This is my last card in my 50-week long personal challenge. Each week this year, I've read a chapter in the book "50 Truths Worth Knowing" and used it as inspiration for a card. This is Chapter 50. I'm kind of sad to see this challenge end, but I do have a different 50-week challenge planned for 2018.
In Chapter 50, Christine recalled that one Christmas her family just wasn't in the Christmas mood. In fact, Christmas seemed stale, boring, lifeless. There was no festive feeling in her family's home just north of Boston.
They unwrapped presents and then "escaped" to their separate rooms. Dad when to his basement computer, her sister went to her bedroom to watch TV, her older brother went to a friend's house and she went to the kitchen. It was from her spot in the kitchen that she overheard her younger brother and mom talking somewhat awkwardly in the living room.

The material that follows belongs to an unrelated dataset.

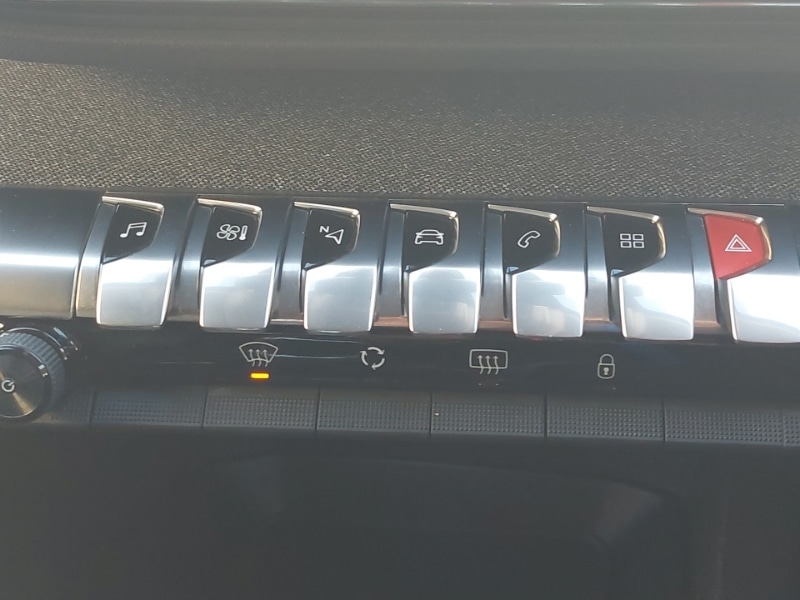 Used Peugeot 3008 2019 for sale - 78183892: Photo 15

"Mom, you're going to be a grandmother."
"Oh, no."
Tom was a 22-year-old college student with two more years until graduation. His girlfriend was 3 months along in the pregnancy and his plan was to quit college, find a job (any job), marry, and raise his child.

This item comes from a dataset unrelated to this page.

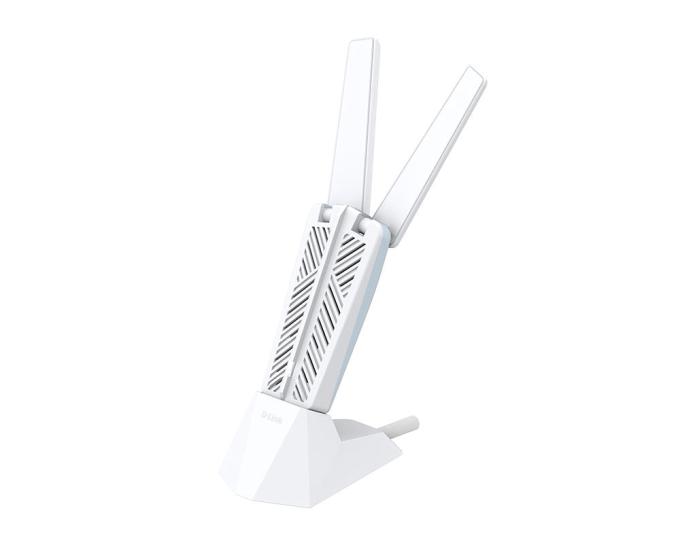 DLINK AE65U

Their mom wanted to be happy for Tom, but she wasn't.
Christine moved to the doorway of the living room and soon other family members gathered as well - her dad, her sister. Dad reminded Tom of his aspirations (to be an engineer, something he had a talent for) and their sister cried (she never cries).
Advice was given. More tears were shed. Dreams were both squashed and born. The day changed everything.
The following summer Zack was born - all 8 pounds 7 ounces of him. He was no longer just a worry for this family, he was a real part of it. And that Christmas (with 4-month-old Zack) no one went to their own rooms after the presents were opened. Instead they gathered around to watch Zack smile and gurgle. He drew them together, not just that Christmas, but through the years. His dimples, his brown eyes, and his joyful enthusiasm for life brought out the best in the family.
As a four-year-old, he loved every gift he received - he'd laugh and applaud... every pair of socks, every shirt, every gift. It was as if that was the most beloved gift in the entire world. "Isn't this great?" he'd exclaim. And because of him, it was.
Christine summed it up this way: "After all these years, it's easy to forget that Zack was once the boy whom none of us wanted. The boy who had worried our family - and who, in so doing, made us realize we still were one."